Existence of closed subspaces where the surjection remains uniformly open and surjective

Extension of the result to uniform spaces

Construction of linear subspaces in Banach spaces

Abstract

We employ the theory of elementary submodels to improve a recent result by Aron, Jaramillo and Le Donne (Ann. Acad. Sci. Fenn. Math., to appear) concerning restricting uniformly open, continuous surjections to smaller subspaces where they remain surjective.
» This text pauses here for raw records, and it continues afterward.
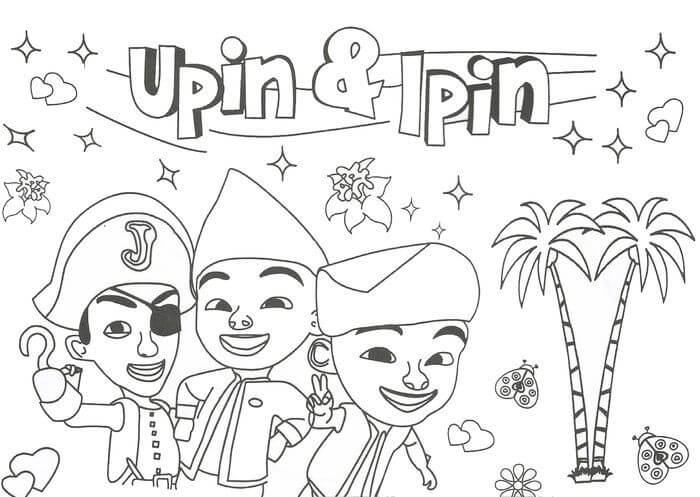 Dibujos de Upin E Ipin En Pirate Island para colorear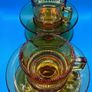 1970s amber coffee cups and saucers set of 8 Image 3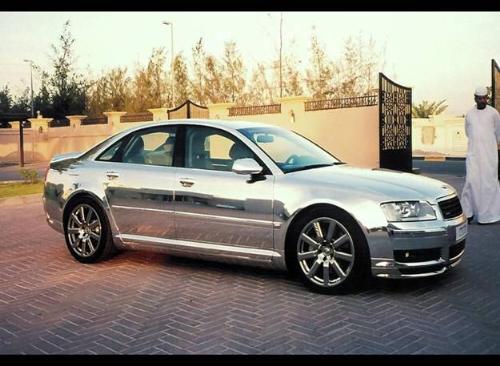 car made in silver metal - here is the Audi car specially made in silver matel for saudi shekh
To wit, suppose that $X$ and $Y$ are metric spaces and let $f\colon X\to Y$ be a continuous surjection. If $X$ is complete and $f$ is uniformly open, then $X$ contains a~closed subspace $Z$ with the same density as $Y$ such that $f$ restricted to $Z$ is still uniformly open and surjective. Moreover, if $X$ is a Banach space, then $Z$ may be taken to be a closed linear subspace. A counterpart of this theorem for uniform spaces is also established.